Double free or corruption - ex17.c simulation

Dylan · September 8, 2018, 5:33am

So, I recently posted about ex17.c: Ex17 Seg fault when setting new entries

I’m having difficulty creating a dynamic array.

I started working on a project which does something very similar. I think I may be able to solve the issues with ex17.c if I get this working, but I’m having an issue freeing the memory. It’s pretty messy code, but I have the initialisation working.
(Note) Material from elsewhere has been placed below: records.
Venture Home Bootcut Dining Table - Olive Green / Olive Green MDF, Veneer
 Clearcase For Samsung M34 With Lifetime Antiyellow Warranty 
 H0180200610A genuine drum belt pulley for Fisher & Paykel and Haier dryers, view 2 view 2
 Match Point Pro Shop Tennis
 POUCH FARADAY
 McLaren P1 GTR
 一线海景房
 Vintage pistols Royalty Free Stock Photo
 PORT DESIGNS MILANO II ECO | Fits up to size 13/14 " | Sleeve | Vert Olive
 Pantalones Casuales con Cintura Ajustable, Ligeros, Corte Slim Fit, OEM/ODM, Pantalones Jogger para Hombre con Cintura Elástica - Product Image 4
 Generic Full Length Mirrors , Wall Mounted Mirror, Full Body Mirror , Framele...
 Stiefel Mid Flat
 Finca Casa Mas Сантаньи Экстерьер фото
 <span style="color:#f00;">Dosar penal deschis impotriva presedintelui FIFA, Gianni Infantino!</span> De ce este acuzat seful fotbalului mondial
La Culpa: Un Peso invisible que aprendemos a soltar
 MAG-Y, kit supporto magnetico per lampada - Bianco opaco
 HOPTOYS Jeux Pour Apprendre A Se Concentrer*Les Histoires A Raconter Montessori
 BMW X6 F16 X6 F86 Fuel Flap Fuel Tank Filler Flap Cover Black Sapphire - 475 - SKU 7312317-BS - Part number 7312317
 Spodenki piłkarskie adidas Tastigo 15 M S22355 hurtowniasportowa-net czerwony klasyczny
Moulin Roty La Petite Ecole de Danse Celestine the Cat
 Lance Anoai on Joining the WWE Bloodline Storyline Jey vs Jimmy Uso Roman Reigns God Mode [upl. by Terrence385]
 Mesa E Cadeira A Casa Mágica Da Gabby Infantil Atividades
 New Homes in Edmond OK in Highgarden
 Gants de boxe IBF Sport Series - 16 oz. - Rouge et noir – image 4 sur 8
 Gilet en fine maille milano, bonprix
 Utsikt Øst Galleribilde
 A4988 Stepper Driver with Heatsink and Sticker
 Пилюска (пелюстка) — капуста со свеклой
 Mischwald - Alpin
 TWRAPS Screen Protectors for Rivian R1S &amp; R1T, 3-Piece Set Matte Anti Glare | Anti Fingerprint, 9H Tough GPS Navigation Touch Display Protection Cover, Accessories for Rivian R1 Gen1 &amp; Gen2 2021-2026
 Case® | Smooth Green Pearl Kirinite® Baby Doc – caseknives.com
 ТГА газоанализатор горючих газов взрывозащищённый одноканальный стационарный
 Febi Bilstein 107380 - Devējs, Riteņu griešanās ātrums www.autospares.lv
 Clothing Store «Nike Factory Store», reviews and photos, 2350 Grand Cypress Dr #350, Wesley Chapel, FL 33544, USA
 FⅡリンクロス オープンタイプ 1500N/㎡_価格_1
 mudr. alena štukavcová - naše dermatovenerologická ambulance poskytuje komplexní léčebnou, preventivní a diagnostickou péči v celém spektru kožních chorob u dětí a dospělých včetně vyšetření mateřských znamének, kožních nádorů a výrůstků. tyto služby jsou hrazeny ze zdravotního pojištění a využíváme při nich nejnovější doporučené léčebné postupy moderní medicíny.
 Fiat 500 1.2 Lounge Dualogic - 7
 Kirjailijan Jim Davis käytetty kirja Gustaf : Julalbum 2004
When I attempt to free the memory, I get double free or corruption (out), and the program aborts.

The offending function is this one:

void Close_dir(struct Directory *dir) {
  if (dir) {
    if (dir->files) {
      int i = 0;
      for (i = 0; i < dir->num_files; i++) {
	Close_file(dir->files + i);
      }
    }
    Close_file(dir->directory_attributes);
    free(dir);
  }
}

followed by this one:

void Close_file(struct File *file) {
if (file != NULL) {
 if (file->owner != NULL)
 free(file->owner);
 if (file->group != NULL)
 free(file->group);
 if (file->name != NULL)
 free(file->name);
 free(file);
 }
 }

(Sorry about the formatting, I can’t seem to get the lines of code to display on seperate lines. Let me know if you know a way and I will fix it.)

It seems that my call to free each file is not correctly incrementing, and the Close_file() function is freeing the same file every time. I ran it under GDB and the abort did not occur until it tried to free on the second run of the for loop.

The syntax I am using could be failing to increment the pointer. That was one suggestion I saw online. Every other form of syntax however, including array index syntax, causes a compiler error, as I am dereferencing a struct passing that when a pointer is expected. I tried converting the whole function over to expecting a struct, but then I was passing a struct to free(), which doesn’t work.

This is what I think the problem is, but I can’t find a way to tell the program to free every allocated piece of memory in the array while adhering to syntax and correctly increment the pointer. Can anyone give me any advice on how this is done?

Thanks.

zedshaw · September 8, 2018, 2:18pm

Part of the reason you have trouble formatting your posts is you don’t hit the ENTER key enough. I went in and edited your post to show you, but you have to hit enter 2 times between paragraphs, and enter after you type [code] or [/code] so they’re on their own line.

Is there a reason you aren’t hitting ENTER and adding more spacing? It’s not really saving you much and just makes it difficult to read what you post, but if there’s some kind of limitation you’re having I can probably help you get around it.

So the first problem is this C code isn’t correct:

if (file->;owner != NULL)
 free(file->;owner);
 if (file->;group != NULL)
 free(file->;group);
 if (file->;name != NULL)
 free(file->;name);
 free(file);

You have file->;group but that semi-colon ( shouldn’t be there. I suspect you didn’t actually copy paste this in, or if that is your real code then it doesn’t compile.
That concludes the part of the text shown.